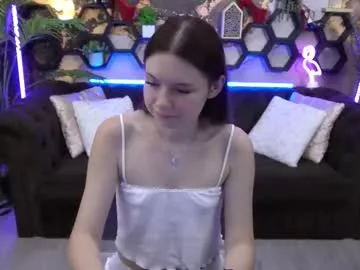 tynniee – webcam model profile photo Image 8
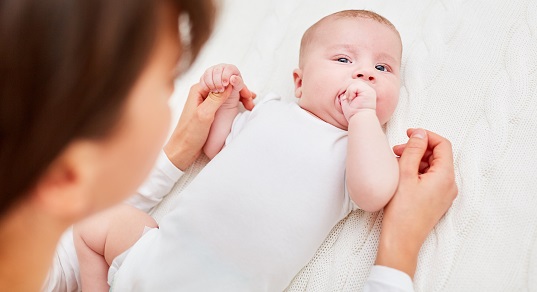 Нужно ли родителям самостоятельно проверять рефлексы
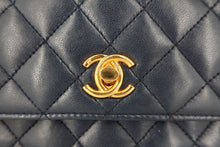 将图片加载到图库查看器，CHANEL/香奈儿 迷你CF 链条包 羊皮 Navy/Gold hardware(藏蓝色/金色金属) 肩背包 800100041
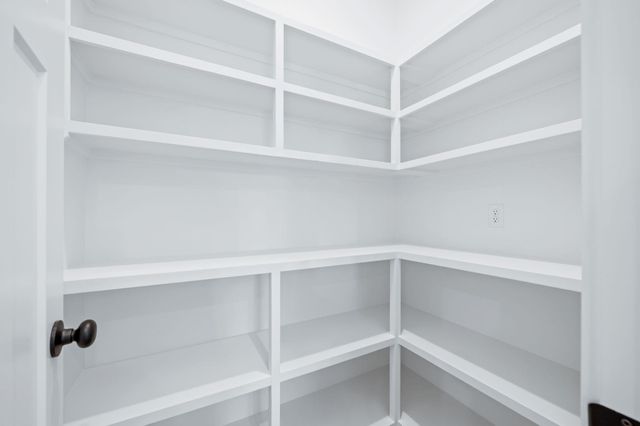 713 E Elmwood St, Park City, KS 67147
□ □ □ □ □
EXERCISE DIRECTIONS:
Apart from its pictures, the data is to be repeated exactly.

YOUR SOLUTION:
 tynniee – webcam model profile photo Image 8
 Нужно ли родителям самостоятельно проверять рефлексы
 将图片加载到图库查看器，CHANEL/香奈儿 迷你CF 链条包 羊皮 Navy/Gold hardware(藏蓝色/金色金属) 肩背包 800100041
 713 E Elmwood St, Park City, KS 67147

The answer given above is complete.